Directions for this task: Although the records include pictures, print only the rest, exactly as written.

◇ ◇ ◇ ◇ ◇

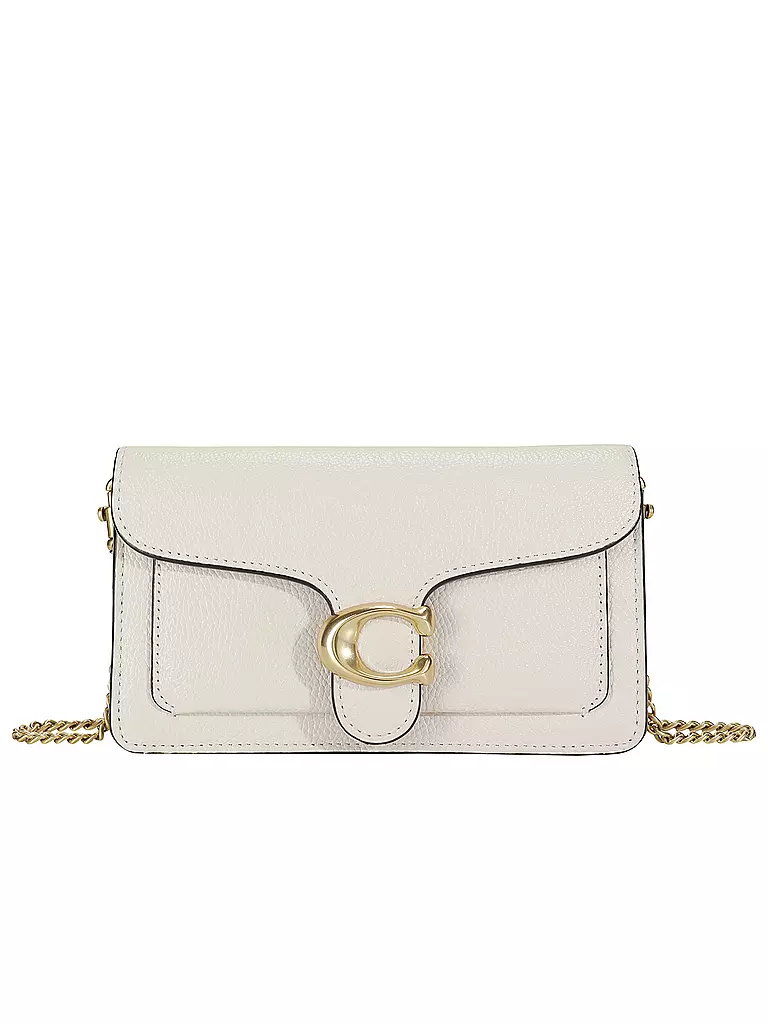 COACH Ledertasche - Mini Bag TABBY creme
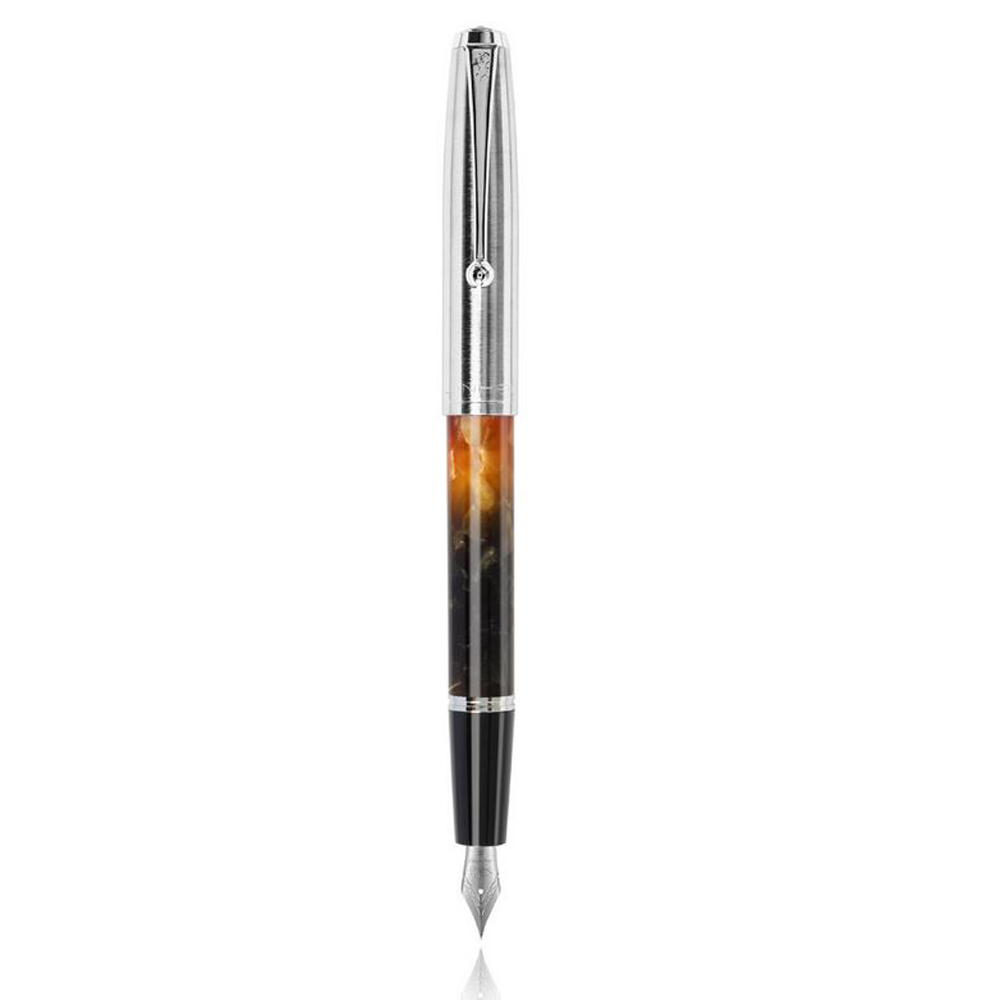 Перьевая ручка Jinhao 51A, Китай. Корпус из акрила, перо открытое F (0.5 мм), заправка поршнем. Распроданы, ожидаем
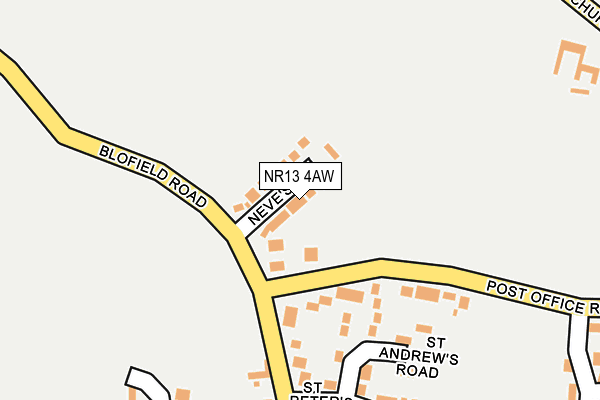 NR13 4AW map - OS OpenMap – Local (Ordnance Survey) NR13 4AW map - OS OpenMap – Local (Ordnance Survey)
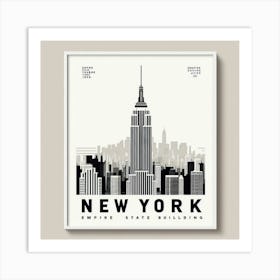 New York Skyline Art Print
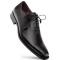 Mezlan "Cupula" Black Genuine Calfskin Leather Whole-Cut Oxford Shoes 20933.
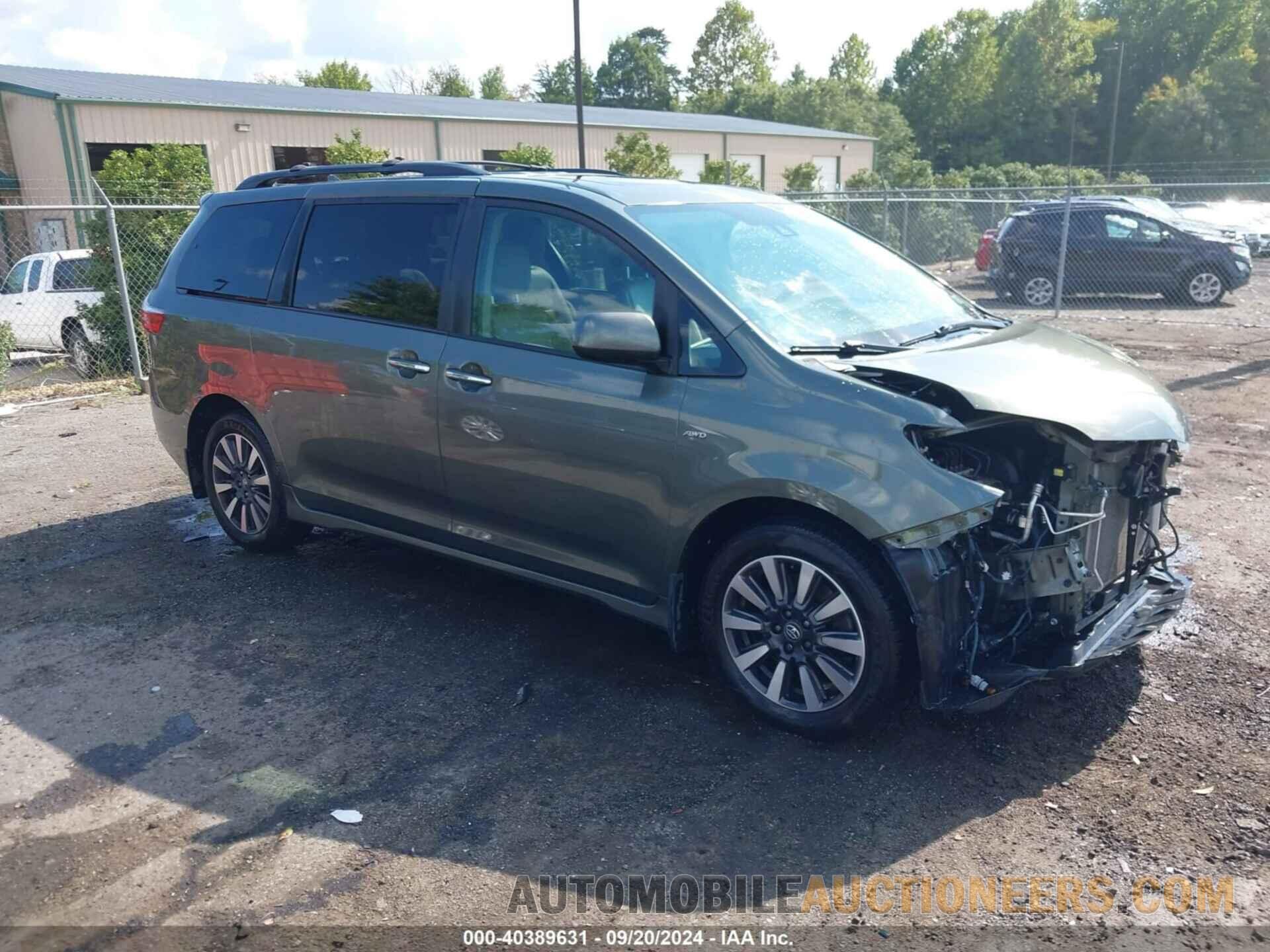 5TDDZ3DC1KS217540 TOYOTA SIENNA 2019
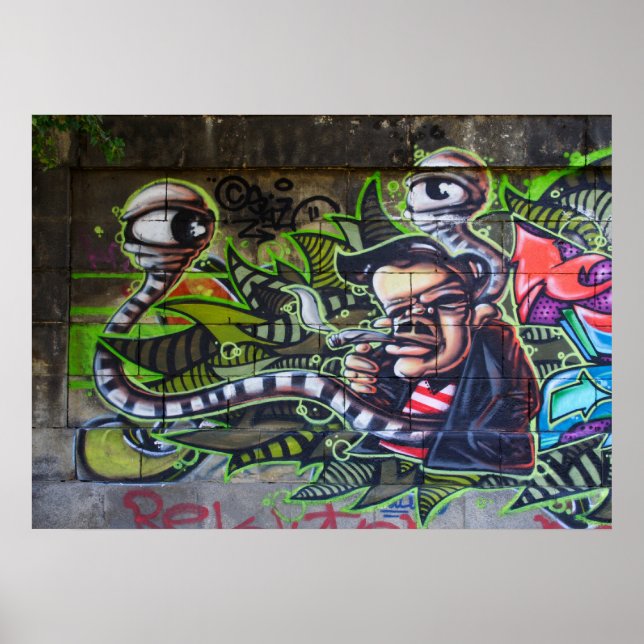 Coola Smoking Guy Poster (Framsidan)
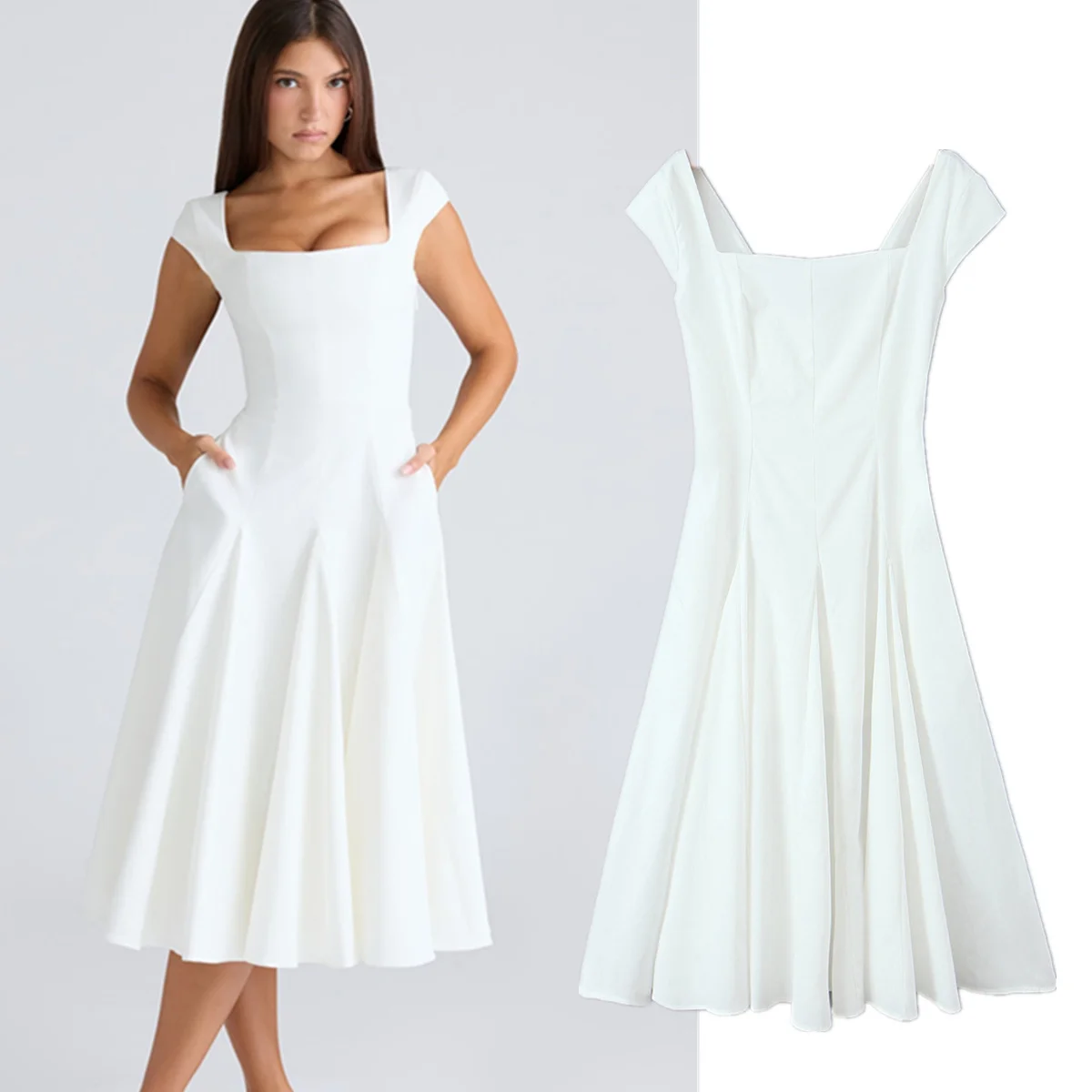 

Jenny&Dave 2026 Spring Summer White Color Dress Fashion Dress Elegant Party Dresses Vestidos Womens Dresses Long Dress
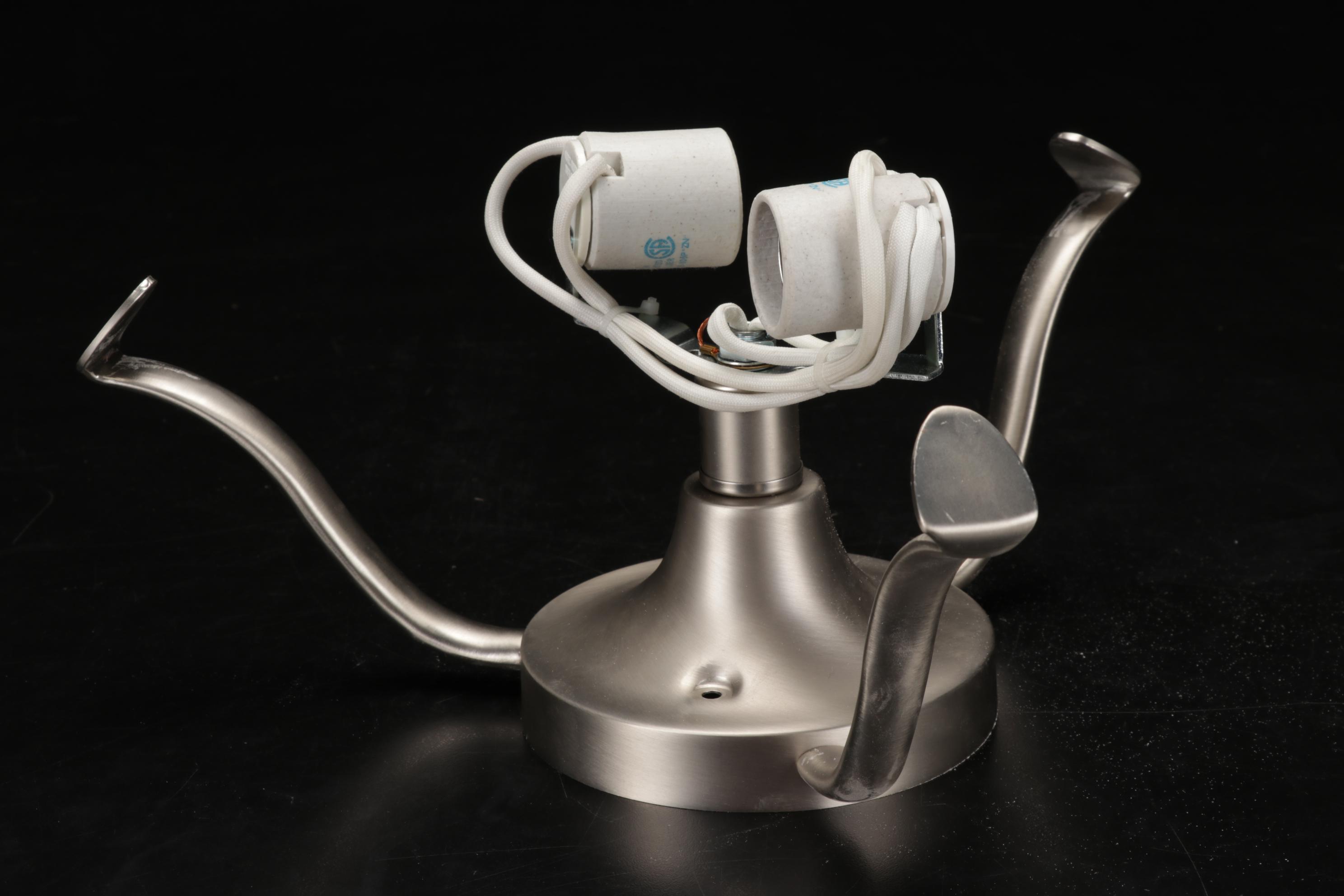 Brushed Nickel Finished Ceiling Light Fixture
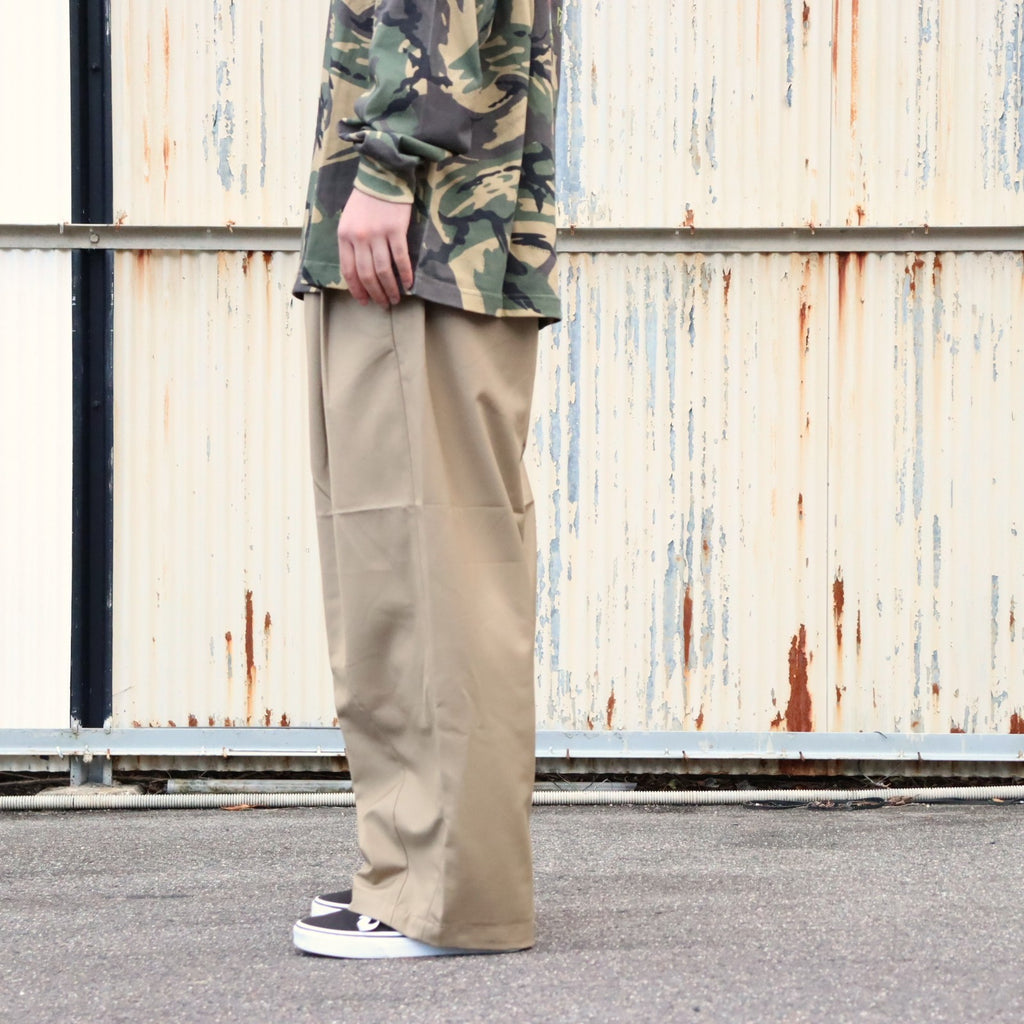 BAGGY SLACKS #Khaki [FW26-B11]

◇ ◇ ◇ ◇ ◇

Task response:
 COACH Ledertasche - Mini Bag TABBY creme
 Перьевая ручка Jinhao 51A, Китай. Корпус из акрила, перо открытое F (0.5 мм), заправка поршнем. Распроданы, ожидаем
 NR13 4AW map - OS OpenMap – Local (Ordnance Survey) NR13 4AW map - OS OpenMap – Local (Ordnance Survey)
 New York Skyline Art Print
 Mezlan "Cupula" Black Genuine Calfskin Leather Whole-Cut Oxford Shoes 20933.
 5TDDZ3DC1KS217540 TOYOTA SIENNA 2019
 Coola Smoking Guy Poster (Framsidan)

Jenny&Dave 2026 Spring Summer White Color Dress Fashion Dress Elegant Party Dresses Vestidos Womens Dresses Long Dress
 Brushed Nickel Finished Ceiling Light Fixture
 BAGGY SLACKS #Khaki [FW26-B11]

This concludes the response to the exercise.